ABOUT THIS TASK: Transcribe the records below word for word, beginning with the first line and stopping after the line that contains "Nurturing Mothers’ Group"; pictures are not part of the copy.

[Image-caption web data]
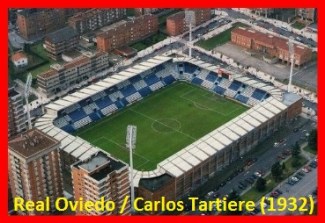 Real Oviedo221217b350235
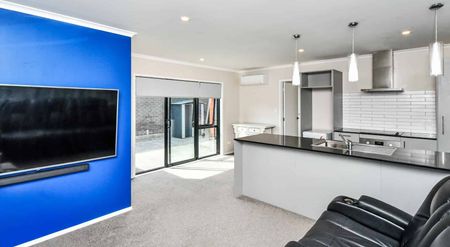 Modern & Easy Living - Photo 4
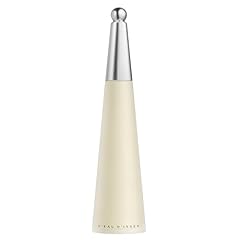Issey miyake eau for sale  Delivered anywhere in USA 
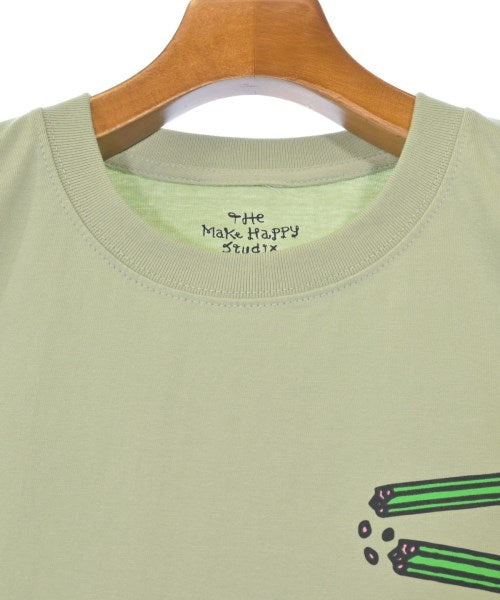 Other brand เสื้อยืด/เสื้อท็อปส์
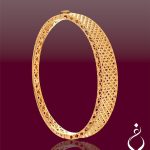 گالری طلا وصال فرهام غلامی در رشت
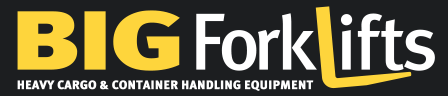 Forklift Traders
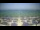 Webcam in Pittulongu (Sardegna), 11.2 km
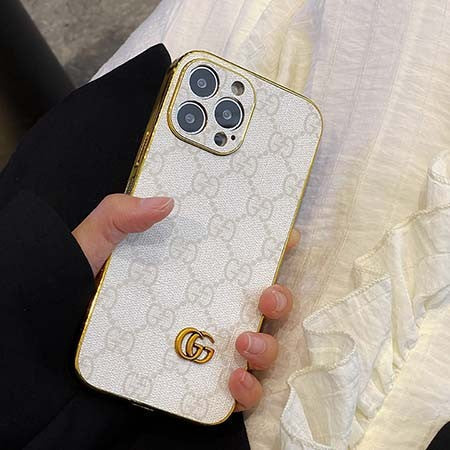 iPhone Luxury Elegant Case Roxy New 2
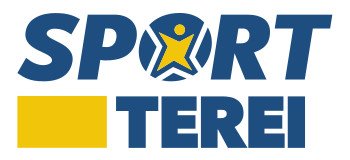 Sport Terei - Logo
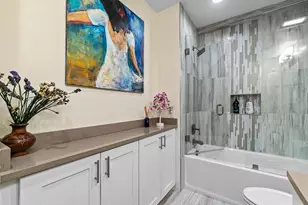 830 Greensward Ct, Delray Beach, FL 33445 - Photo 18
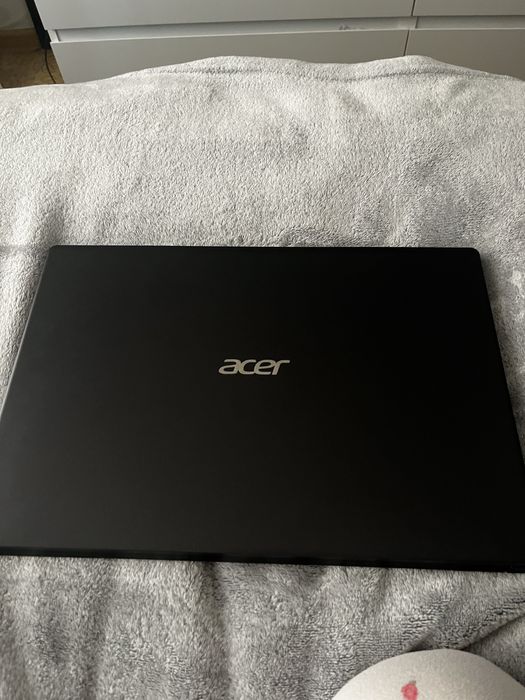 Лаптоп Acer Aspire 3 A315-23 512SSD 16GB RAM
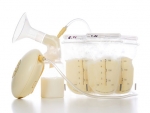 Nurturing Mothers’ Group celebration an opportunity to learn about new Alabama breast milk bank
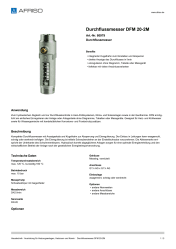 AFRISO_DURCHFLUSSMESSER-DFM-20-2M-DURCHFLUSSMESSER_80979_DEU_CHE.PDF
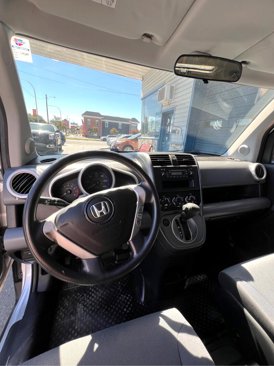 Used 2007 Honda Element LX image 11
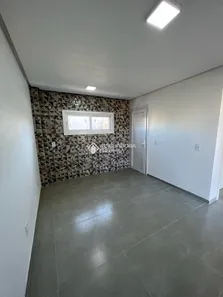 Sobrado com 3 Quartos à venda, 120m² no Jardim dos Lagos, Guaíba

TASK SOLUTION:
 Real Oviedo221217b350235
 Modern & Easy Living - Photo 4
Issey miyake eau for sale  Delivered anywhere in USA 
 Other brand เสื้อยืด/เสื้อท็อปส์
 گالری طلا وصال فرهام غلامی در رشت
 Forklift Traders
 Webcam in Pittulongu (Sardegna), 11.2 km
 iPhone Luxury Elegant Case Roxy New 2
 Sport Terei - Logo
 830 Greensward Ct, Delray Beach, FL 33445 - Photo 18
 Лаптоп Acer Aspire 3 A315-23 512SSD 16GB RAM
 Nurturing Mothers’ Group celebration an opportunity to learn about new Alabama breast milk bank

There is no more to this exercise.